__Exercise inputs__.
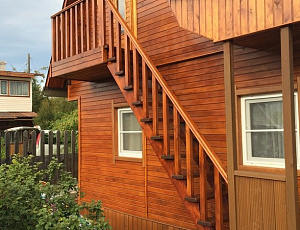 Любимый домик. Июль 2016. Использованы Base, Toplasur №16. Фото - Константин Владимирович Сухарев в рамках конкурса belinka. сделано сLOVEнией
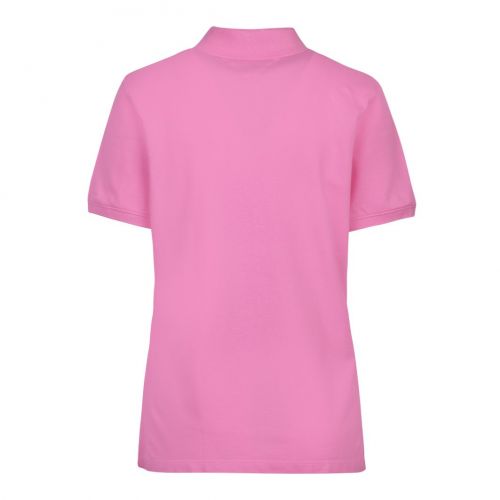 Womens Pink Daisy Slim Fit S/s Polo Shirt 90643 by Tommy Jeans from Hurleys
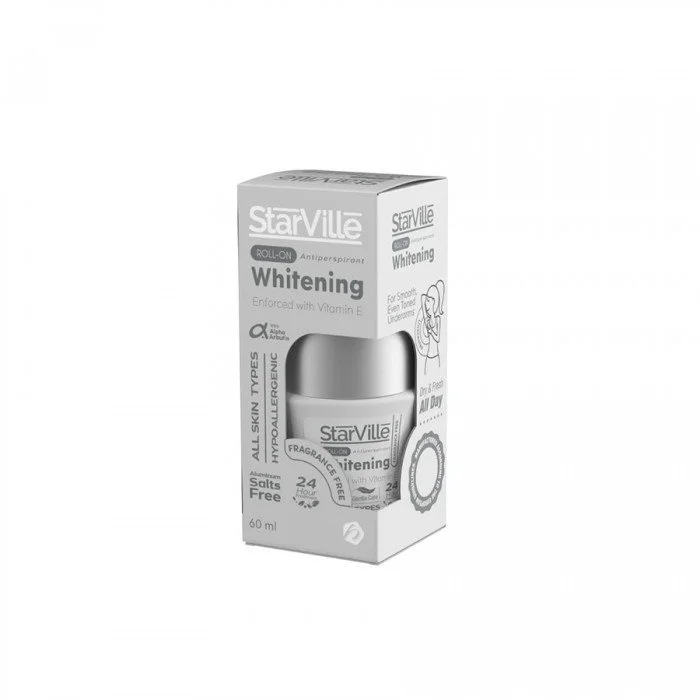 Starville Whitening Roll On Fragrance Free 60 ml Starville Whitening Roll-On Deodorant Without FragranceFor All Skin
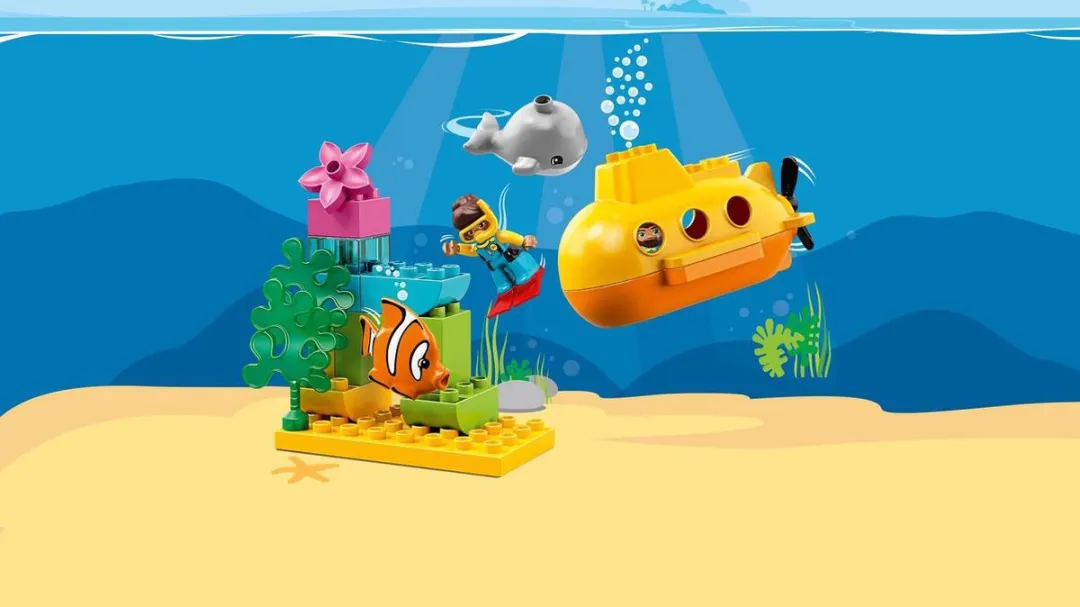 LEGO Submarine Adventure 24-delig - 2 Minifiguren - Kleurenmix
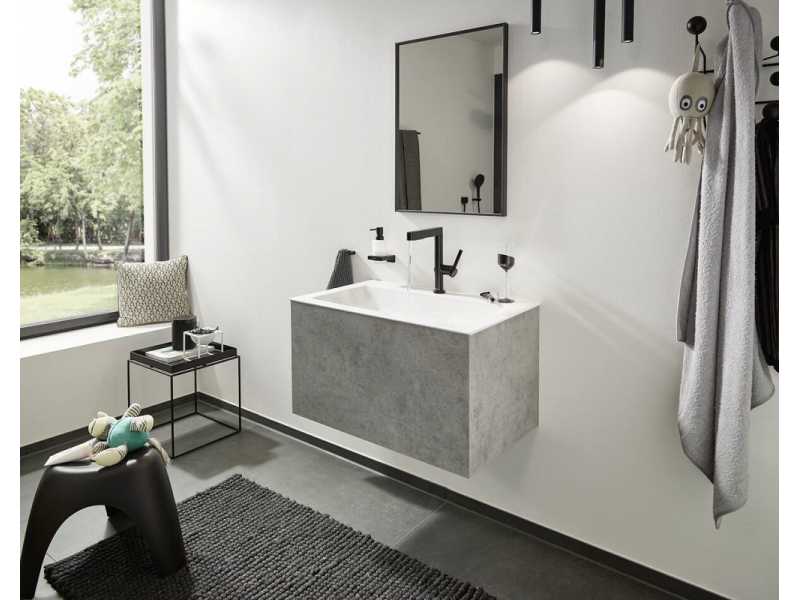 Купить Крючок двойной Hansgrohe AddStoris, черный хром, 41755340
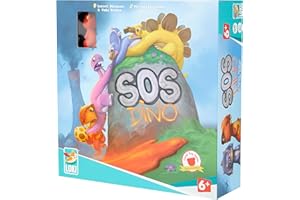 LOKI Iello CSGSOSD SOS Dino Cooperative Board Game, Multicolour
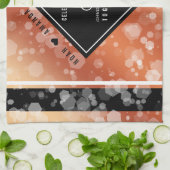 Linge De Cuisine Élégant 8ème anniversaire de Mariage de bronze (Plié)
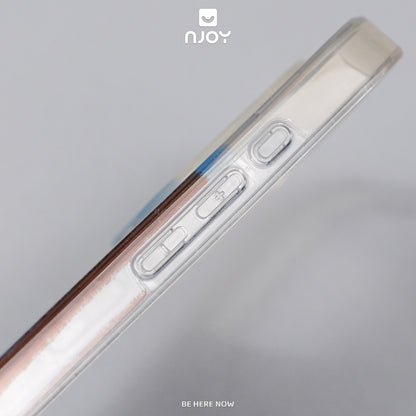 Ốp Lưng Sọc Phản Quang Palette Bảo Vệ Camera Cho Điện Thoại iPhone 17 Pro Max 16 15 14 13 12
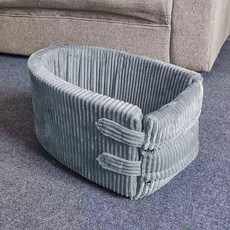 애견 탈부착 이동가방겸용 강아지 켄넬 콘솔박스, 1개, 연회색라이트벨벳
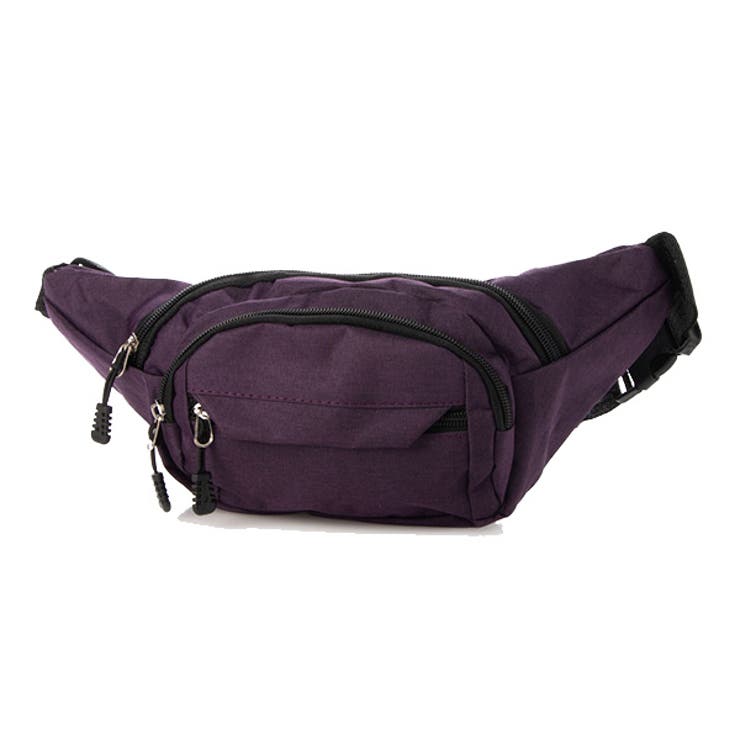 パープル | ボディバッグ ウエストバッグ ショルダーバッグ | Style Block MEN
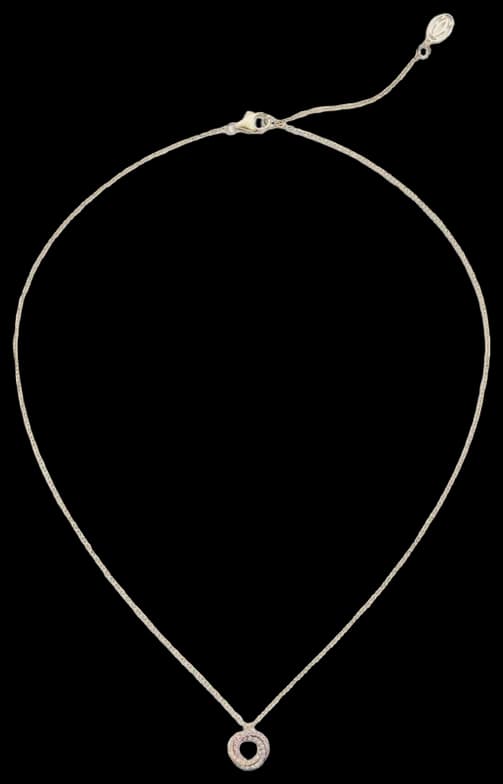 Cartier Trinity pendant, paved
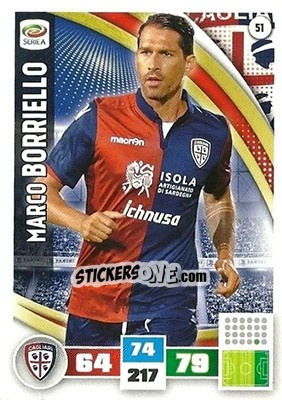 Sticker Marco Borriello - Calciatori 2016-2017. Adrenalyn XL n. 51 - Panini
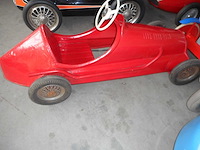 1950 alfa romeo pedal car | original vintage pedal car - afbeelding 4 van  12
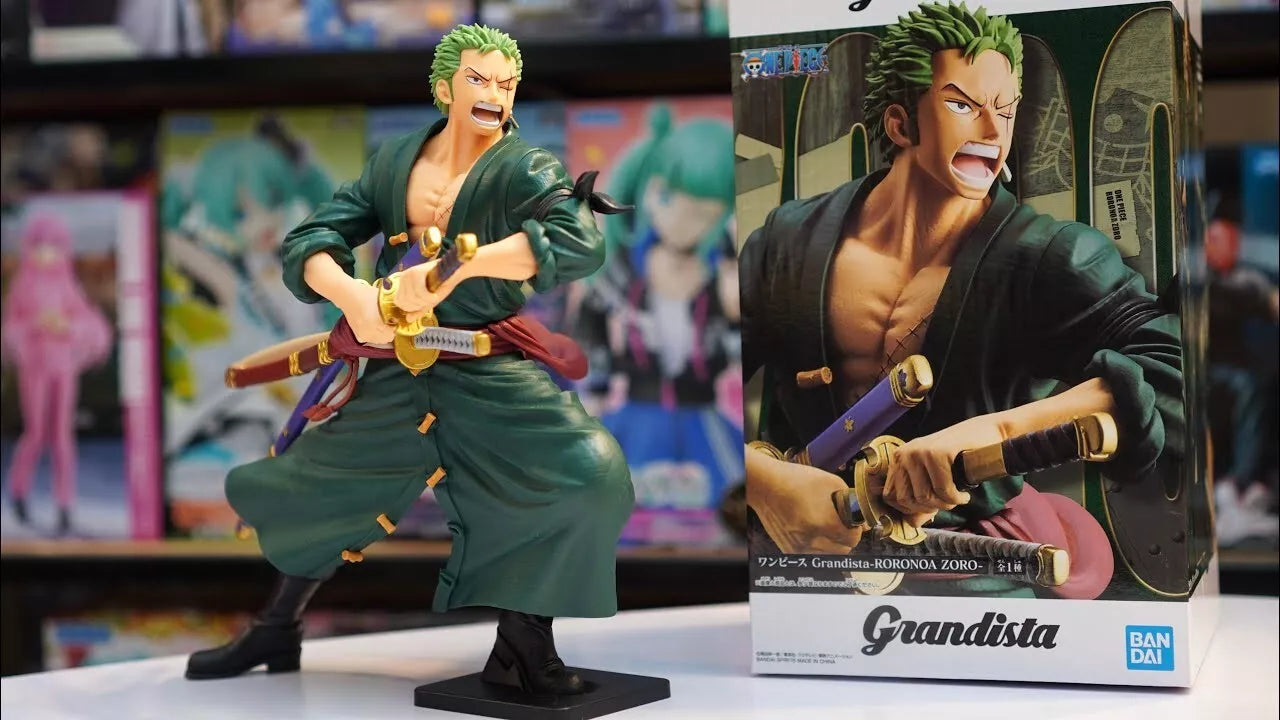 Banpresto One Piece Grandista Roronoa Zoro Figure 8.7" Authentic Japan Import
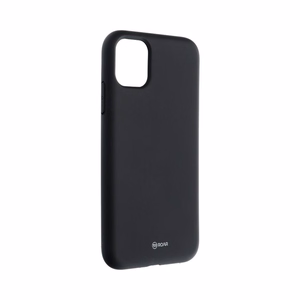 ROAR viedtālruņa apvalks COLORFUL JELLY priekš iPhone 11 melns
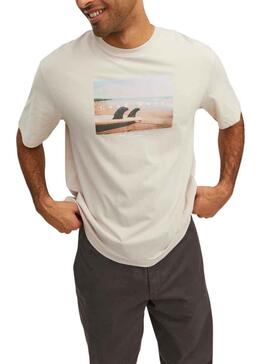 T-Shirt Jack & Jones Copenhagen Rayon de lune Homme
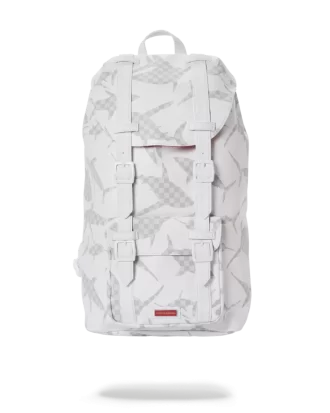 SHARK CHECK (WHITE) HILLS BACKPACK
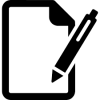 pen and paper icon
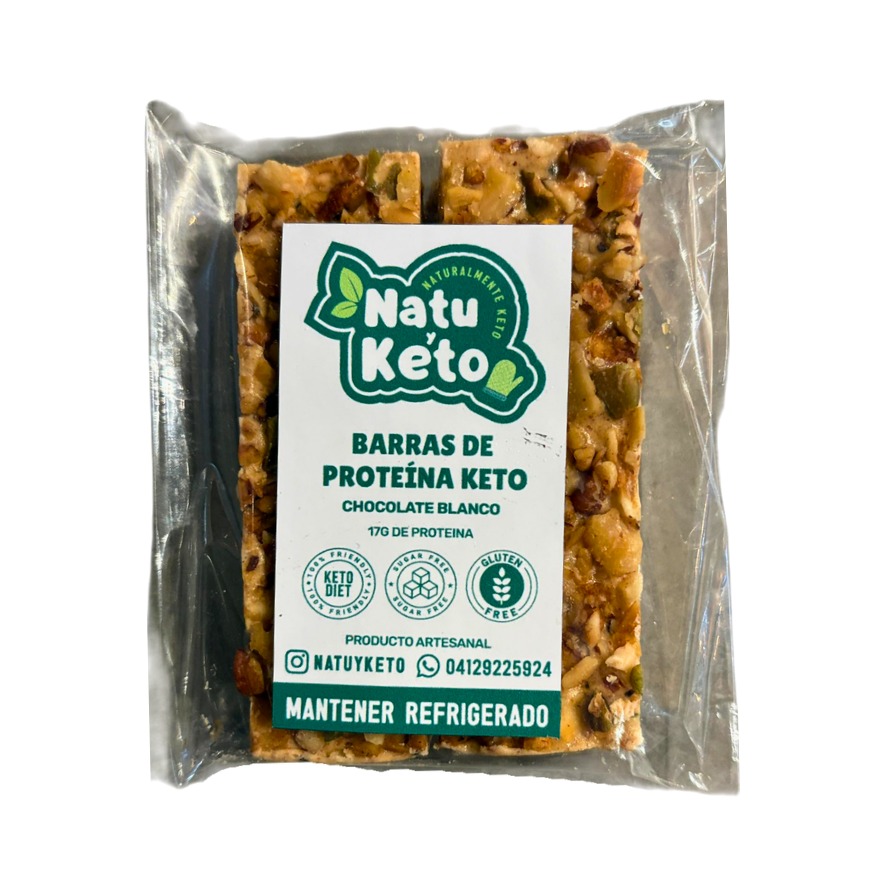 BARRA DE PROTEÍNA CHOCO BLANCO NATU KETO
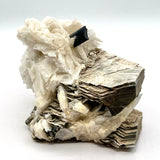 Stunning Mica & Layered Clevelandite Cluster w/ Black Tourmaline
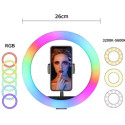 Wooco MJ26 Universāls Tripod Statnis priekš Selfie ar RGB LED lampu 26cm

__Description of the task__.
Emit the lines of the data above from the one containing "LEGO Submarine Adventure" through its final line, both endpoints included. Pictures do not belong in the output.

__Reply to the exercise__.
 LEGO Submarine Adventure 24-delig - 2 Minifiguren - Kleurenmix
 Купить Крючок двойной Hansgrohe AddStoris, черный хром, 41755340
 LOKI Iello CSGSOSD SOS Dino Cooperative Board Game, Multicolour
 Linge De Cuisine Élégant 8ème anniversaire de Mariage de bronze (Plié)
 Ốp Lưng Sọc Phản Quang Palette Bảo Vệ Camera Cho Điện Thoại iPhone 17 Pro Max 16 15 14 13 12
 애견 탈부착 이동가방겸용 강아지 켄넬 콘솔박스, 1개, 연회색라이트벨벳
 パープル | ボディバッグ ウエストバッグ ショルダーバッグ | Style Block MEN
 Cartier Trinity pendant, paved
 Sticker Marco Borriello - Calciatori 2016-2017. Adrenalyn XL n. 51 - Panini
 1950 alfa romeo pedal car | original vintage pedal car - afbeelding 4 van  12
 Banpresto One Piece Grandista Roronoa Zoro Figure 8.7" Authentic Japan Import
 ROAR viedtālruņa apvalks COLORFUL JELLY priekš iPhone 11 melns
 T-Shirt Jack & Jones Copenhagen Rayon de lune Homme
 SHARK CHECK (WHITE) HILLS BACKPACK
 pen and paper icon
 BARRA DE PROTEÍNA CHOCO BLANCO NATU KETO
 Stunning Mica & Layered Clevelandite Cluster w/ Black Tourmaline
 Wooco MJ26 Universāls Tripod Statnis priekš Selfie ar RGB LED lampu 26cm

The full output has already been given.